-- Available records follows --

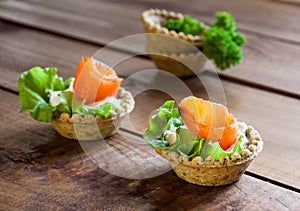 Tartlets with salmon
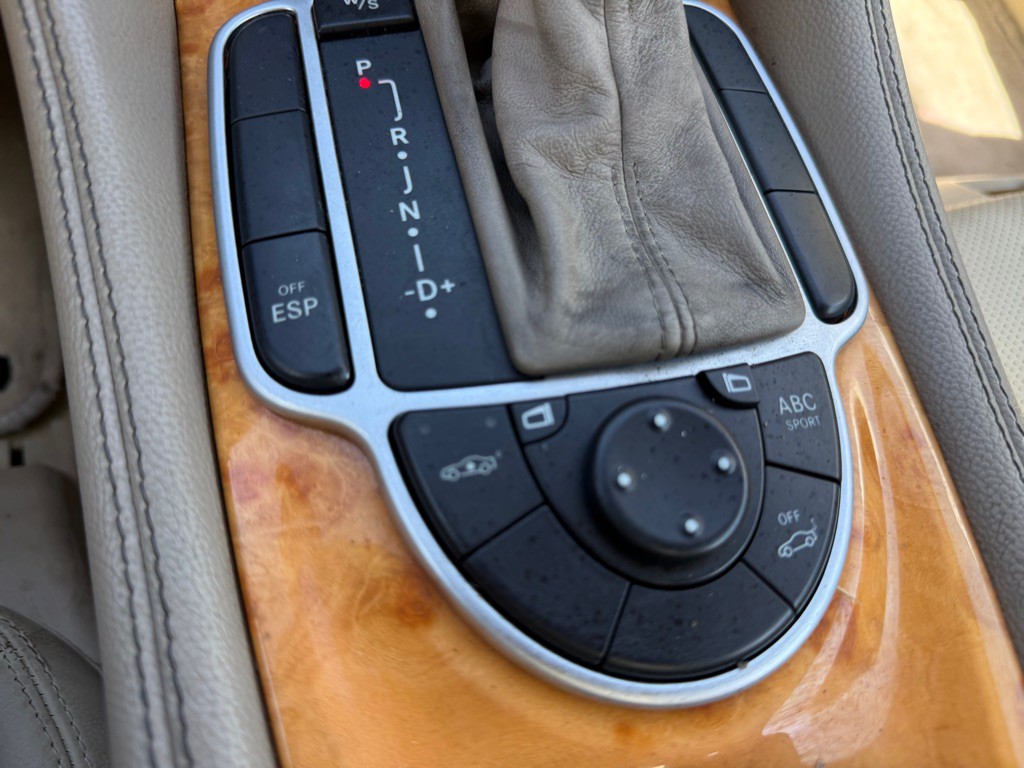 2003 Mercedes-Benz SL-Class Image 29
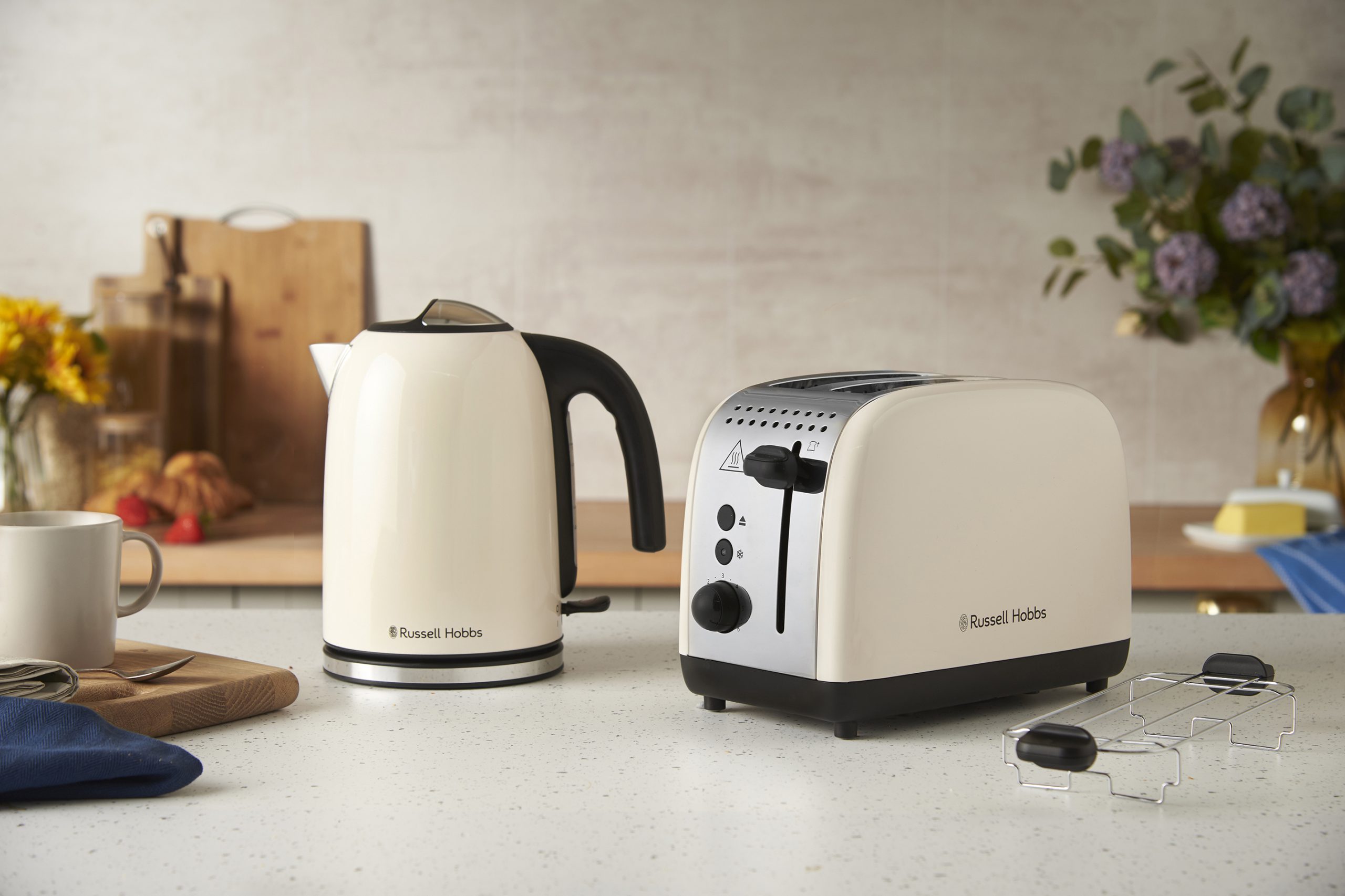 RUSSELL HOBBS 28510-70/RH Colours Plus Jasmine 1,7 l-es vízforraló – 9. kép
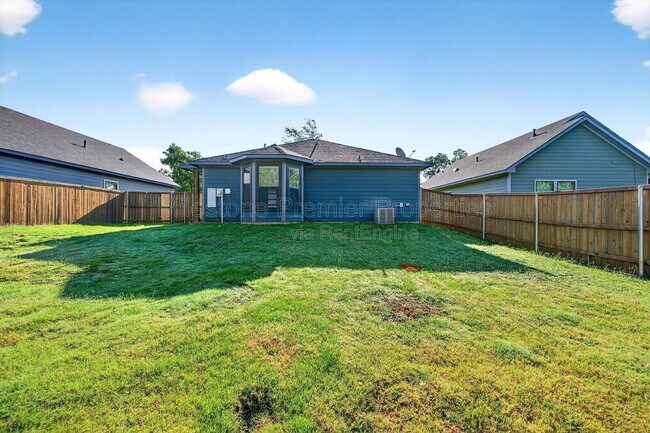 Building Photo - 1501 S 7th Ave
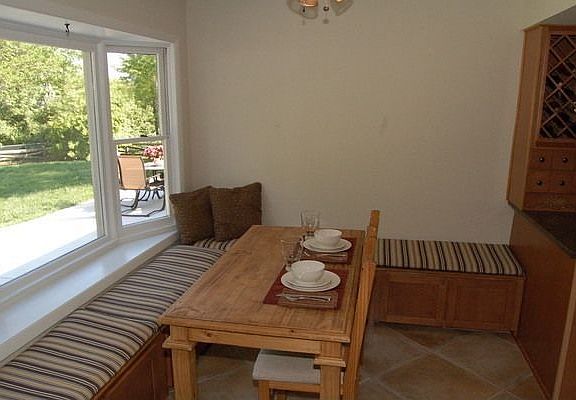 Breakfast Nook w/ bay window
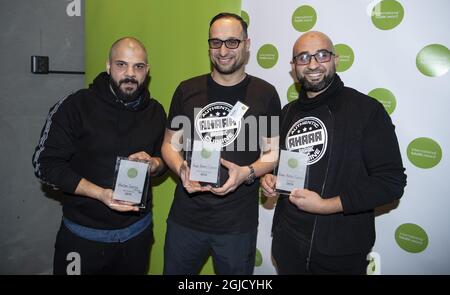 Il falafel migliore del mondo è ancora danese. Briton Ahmed El Shimi (a sinistra) al Wowshee Egyptian Falafel Bar è stato elogiato per la migliore composizione, mentre Ali Abdullah e Hazim El-Yahya alla cucina araba danese Ahaaa ha vinto il miglior Falafel e più innovative categorie Falafel. Quindici squadre provenienti da sei paesi hanno partecipato all'International Falafel Award 2019 a Malmoe, Svezia, sabato 14 dicembre 2019. Foto: Johan Nilsson / TT / code 50090 Foto Stock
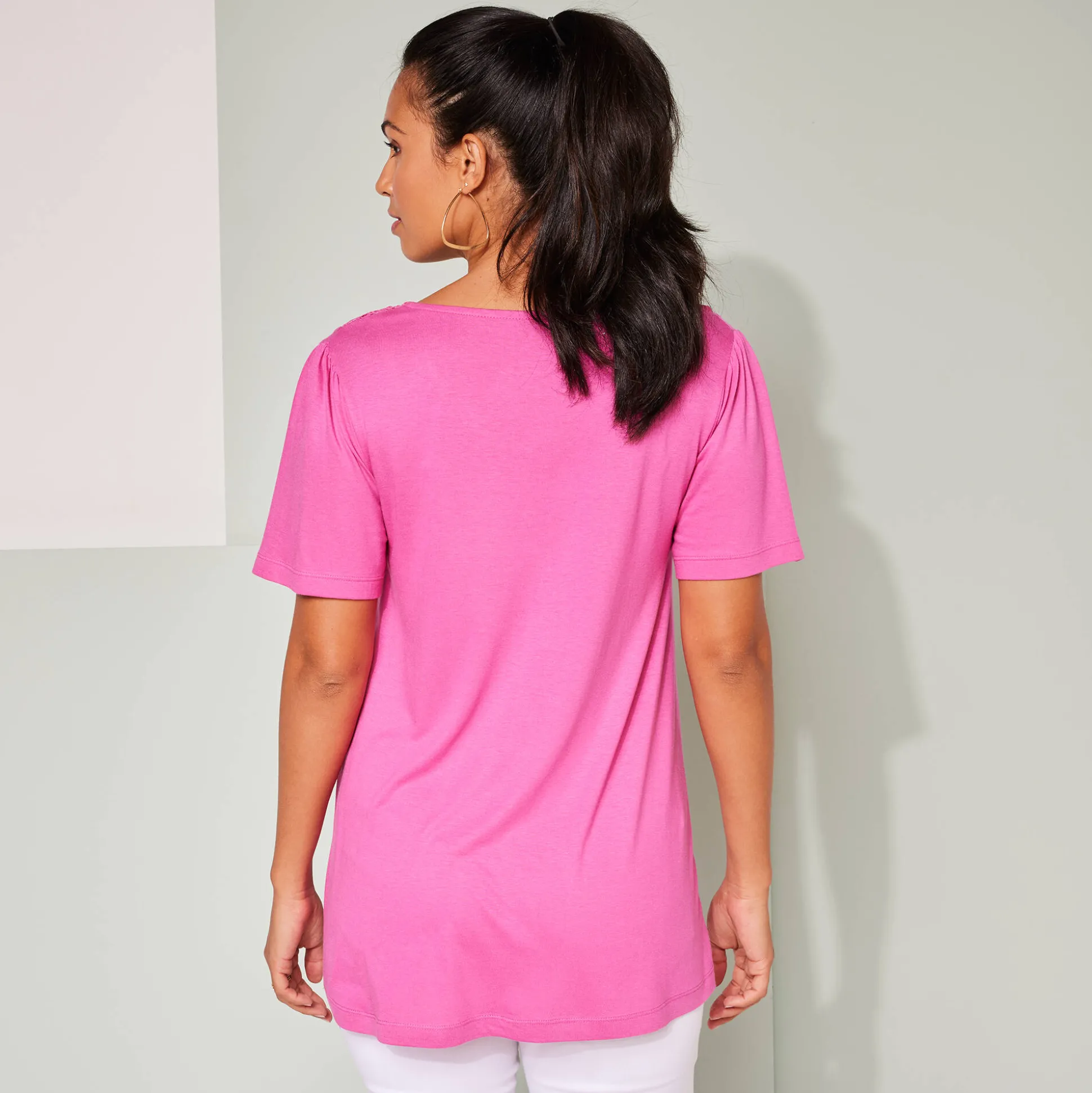 T-shirt met macramé en korte mouwen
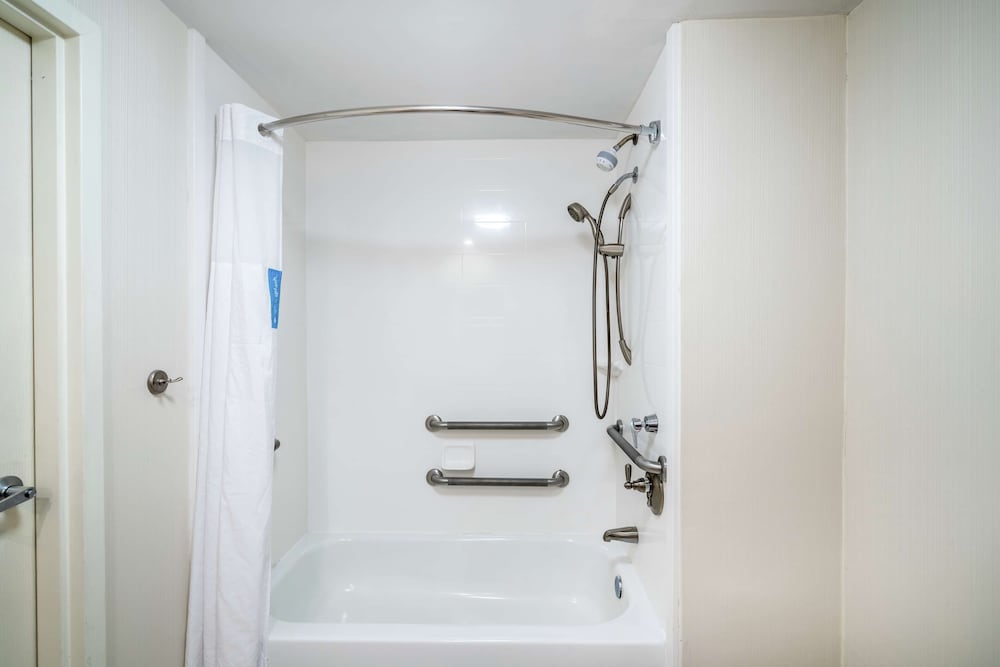 Hampton Inn & Suites Mooresville Lake Norman - photo 28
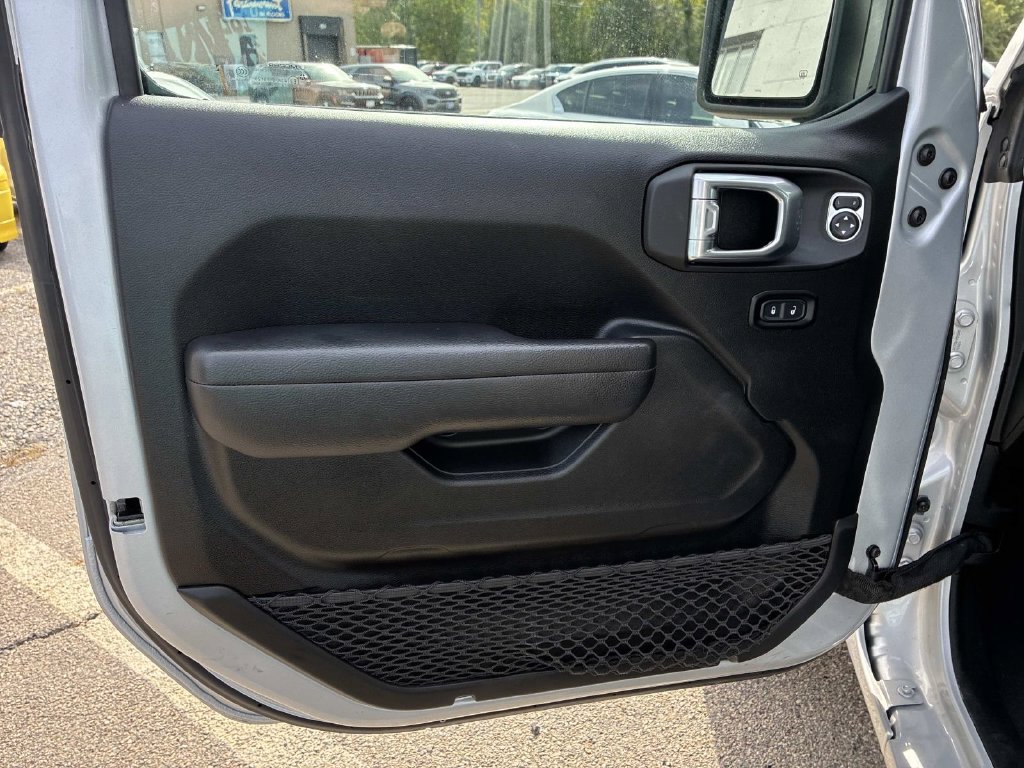 Used 2024 Jeep Wrangler Unlimited Sport AWD/4WD image 19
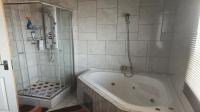 Main Bathroom - 5 square meters of property in Marblehall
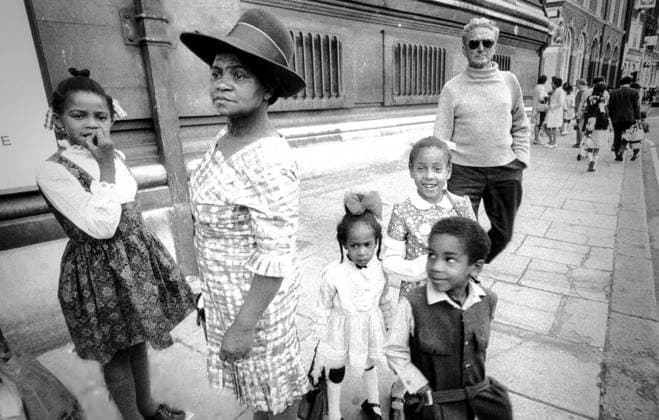 RECORD DATE NOT STATED Black people familywalking in london, uk, 70 s Black people familywalking in london, uk, 70 s Copyright: 972_ML_05_W589310
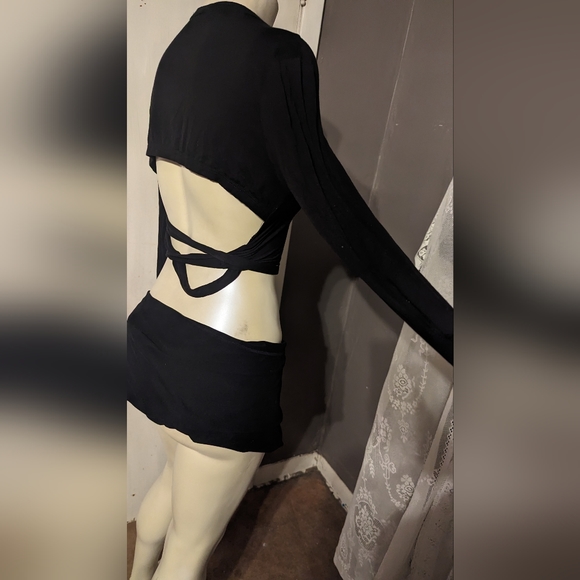 Black long sleeve crop top strapy Urban outfitters sexy club yoga swoop neck - Picture 2 of 8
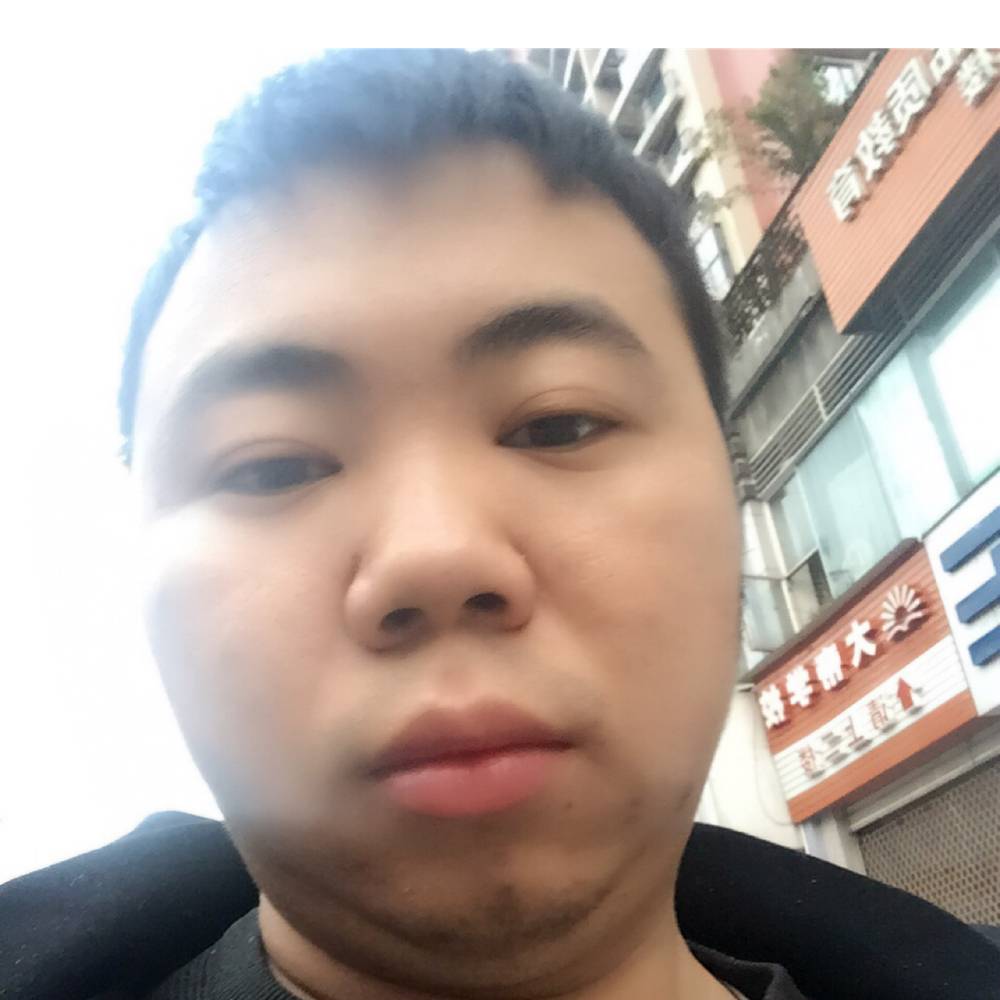 翅膀邂逅柔弱的照片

-- Available records concluded --

## Work to complete
Only one thing is wanted here, an exact copy of the lines from the first line above through the line containing "Breakfast Nook w/ bay window", minus any picture.

## Expected output
 Tartlets with salmon
 2003 Mercedes-Benz SL-Class Image 29
 RUSSELL HOBBS 28510-70/RH Colours Plus Jasmine 1,7 l-es vízforraló – 9. kép
 Building Photo - 1501 S 7th Ave
 Breakfast Nook w/ bay window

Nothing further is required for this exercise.